■ **WHAT THIS TASK INVOLVES**
Please print the records below exactly as they are written.

■ **DATA PROVIDED**
------------------------------------------------------------------------

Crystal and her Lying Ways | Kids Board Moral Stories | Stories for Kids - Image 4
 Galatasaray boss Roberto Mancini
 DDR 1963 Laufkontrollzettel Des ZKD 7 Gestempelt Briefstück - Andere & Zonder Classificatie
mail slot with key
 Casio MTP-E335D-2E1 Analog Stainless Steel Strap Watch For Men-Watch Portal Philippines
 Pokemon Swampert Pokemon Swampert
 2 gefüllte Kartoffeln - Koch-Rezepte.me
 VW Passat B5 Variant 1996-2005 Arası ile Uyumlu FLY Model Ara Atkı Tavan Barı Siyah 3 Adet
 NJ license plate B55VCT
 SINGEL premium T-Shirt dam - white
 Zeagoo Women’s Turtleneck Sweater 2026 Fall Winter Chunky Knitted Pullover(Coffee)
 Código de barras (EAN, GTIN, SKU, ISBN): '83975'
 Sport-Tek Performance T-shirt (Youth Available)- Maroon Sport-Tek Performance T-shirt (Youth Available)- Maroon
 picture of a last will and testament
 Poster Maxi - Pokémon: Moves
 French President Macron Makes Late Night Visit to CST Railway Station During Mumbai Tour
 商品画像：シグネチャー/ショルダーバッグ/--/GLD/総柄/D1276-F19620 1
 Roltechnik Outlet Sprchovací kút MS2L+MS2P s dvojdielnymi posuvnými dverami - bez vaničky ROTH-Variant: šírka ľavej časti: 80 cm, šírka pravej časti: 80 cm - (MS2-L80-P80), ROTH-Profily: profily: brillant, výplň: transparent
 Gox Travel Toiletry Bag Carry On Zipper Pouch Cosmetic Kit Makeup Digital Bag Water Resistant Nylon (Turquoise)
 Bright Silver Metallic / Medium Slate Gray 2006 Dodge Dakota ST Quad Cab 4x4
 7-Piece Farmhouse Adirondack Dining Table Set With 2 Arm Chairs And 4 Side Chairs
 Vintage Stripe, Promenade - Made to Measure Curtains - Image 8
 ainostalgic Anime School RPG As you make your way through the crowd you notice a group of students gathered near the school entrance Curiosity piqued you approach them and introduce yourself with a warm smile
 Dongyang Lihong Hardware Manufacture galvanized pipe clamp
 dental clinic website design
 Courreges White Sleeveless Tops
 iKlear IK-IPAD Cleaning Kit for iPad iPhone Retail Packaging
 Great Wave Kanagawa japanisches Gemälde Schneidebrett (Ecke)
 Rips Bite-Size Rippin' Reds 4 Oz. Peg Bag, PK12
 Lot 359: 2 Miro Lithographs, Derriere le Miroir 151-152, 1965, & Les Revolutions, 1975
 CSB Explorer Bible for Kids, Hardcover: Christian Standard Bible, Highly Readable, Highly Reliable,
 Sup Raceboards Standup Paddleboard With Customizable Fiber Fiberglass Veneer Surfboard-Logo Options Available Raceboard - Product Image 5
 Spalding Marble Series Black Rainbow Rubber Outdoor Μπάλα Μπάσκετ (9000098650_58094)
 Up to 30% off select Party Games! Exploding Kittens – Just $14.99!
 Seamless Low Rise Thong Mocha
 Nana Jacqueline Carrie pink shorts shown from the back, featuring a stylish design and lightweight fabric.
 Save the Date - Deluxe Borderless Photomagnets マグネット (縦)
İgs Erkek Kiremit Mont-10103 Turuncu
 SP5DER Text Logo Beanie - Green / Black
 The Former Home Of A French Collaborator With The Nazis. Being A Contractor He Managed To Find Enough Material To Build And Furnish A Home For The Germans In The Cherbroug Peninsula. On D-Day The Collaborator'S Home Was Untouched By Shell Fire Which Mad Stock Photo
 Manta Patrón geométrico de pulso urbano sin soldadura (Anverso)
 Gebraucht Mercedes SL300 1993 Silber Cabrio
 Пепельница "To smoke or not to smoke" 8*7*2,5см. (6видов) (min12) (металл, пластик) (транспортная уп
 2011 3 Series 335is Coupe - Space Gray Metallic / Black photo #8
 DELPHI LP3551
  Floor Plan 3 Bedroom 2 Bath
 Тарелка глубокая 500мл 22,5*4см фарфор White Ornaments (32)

------------------------------------------------------------------------

■ **PROBLEM SOLUTION**
Crystal and her Lying Ways | Kids Board Moral Stories | Stories for Kids - Image 4
 Galatasaray boss Roberto Mancini
 DDR 1963 Laufkontrollzettel Des ZKD 7 Gestempelt Briefstück - Andere & Zonder Classificatie
mail slot with key
 Casio MTP-E335D-2E1 Analog Stainless Steel Strap Watch For Men-Watch Portal Philippines
 Pokemon Swampert Pokemon Swampert
 2 gefüllte Kartoffeln - Koch-Rezepte.me
 VW Passat B5 Variant 1996-2005 Arası ile Uyumlu FLY Model Ara Atkı Tavan Barı Siyah 3 Adet
 NJ license plate B55VCT
 SINGEL premium T-Shirt dam - white
 Zeagoo Women’s Turtleneck Sweater 2026 Fall Winter Chunky Knitted Pullover(Coffee)
 Código de barras (EAN, GTIN, SKU, ISBN): '83975'
 Sport-Tek Performance T-shirt (Youth Available)- Maroon Sport-Tek Performance T-shirt (Youth Available)- Maroon
 picture of a last will and testament
 Poster Maxi - Pokémon: Moves
 French President Macron Makes Late Night Visit to CST Railway Station During Mumbai Tour
 商品画像：シグネチャー/ショルダーバッグ/--/GLD/総柄/D1276-F19620 1
 Roltechnik Outlet Sprchovací kút MS2L+MS2P s dvojdielnymi posuvnými dverami - bez vaničky ROTH-Variant: šírka ľavej časti: 80 cm, šírka pravej časti: 80 cm - (MS2-L80-P80), ROTH-Profily: profily: brillant, výplň: transparent
 Gox Travel Toiletry Bag Carry On Zipper Pouch Cosmetic Kit Makeup Digital Bag Water Resistant Nylon (Turquoise)
 Bright Silver Metallic / Medium Slate Gray 2006 Dodge Dakota ST Quad Cab 4x4
 7-Piece Farmhouse Adirondack Dining Table Set With 2 Arm Chairs And 4 Side Chairs
 Vintage Stripe, Promenade - Made to Measure Curtains - Image 8
 ainostalgic Anime School RPG As you make your way through the crowd you notice a group of students gathered near the school entrance Curiosity piqued you approach them and introduce yourself with a warm smile
 Dongyang Lihong Hardware Manufacture galvanized pipe clamp
 dental clinic website design
 Courreges White Sleeveless Tops
 iKlear IK-IPAD Cleaning Kit for iPad iPhone Retail Packaging
 Great Wave Kanagawa japanisches Gemälde Schneidebrett (Ecke)
 Rips Bite-Size Rippin' Reds 4 Oz. Peg Bag, PK12
 Lot 359: 2 Miro Lithographs, Derriere le Miroir 151-152, 1965, & Les Revolutions, 1975
 CSB Explorer Bible for Kids, Hardcover: Christian Standard Bible, Highly Readable, Highly Reliable,
 Sup Raceboards Standup Paddleboard With Customizable Fiber Fiberglass Veneer Surfboard-Logo Options Available Raceboard - Product Image 5
 Spalding Marble Series Black Rainbow Rubber Outdoor Μπάλα Μπάσκετ (9000098650_58094)
 Up to 30% off select Party Games! Exploding Kittens – Just $14.99!
 Seamless Low Rise Thong Mocha
 Nana Jacqueline Carrie pink shorts shown from the back, featuring a stylish design and lightweight fabric.
 Save the Date - Deluxe Borderless Photomagnets マグネット (縦)
İgs Erkek Kiremit Mont-10103 Turuncu
 SP5DER Text Logo Beanie - Green / Black
 The Former Home Of A French Collaborator With The Nazis. Being A Contractor He Managed To Find Enough Material To Build And Furnish A Home For The Germans In The Cherbroug Peninsula. On D-Day The Collaborator'S Home Was Untouched By Shell Fire Which Mad Stock Photo
 Manta Patrón geométrico de pulso urbano sin soldadura (Anverso)
 Gebraucht Mercedes SL300 1993 Silber Cabrio
 Пепельница "To smoke or not to smoke" 8*7*2,5см. (6видов) (min12) (металл, пластик) (транспортная уп
 2011 3 Series 335is Coupe - Space Gray Metallic / Black photo #8
 DELPHI LP3551
  Floor Plan 3 Bedroom 2 Bath
 Тарелка глубокая 500мл 22,5*4см фарфор White Ornaments (32)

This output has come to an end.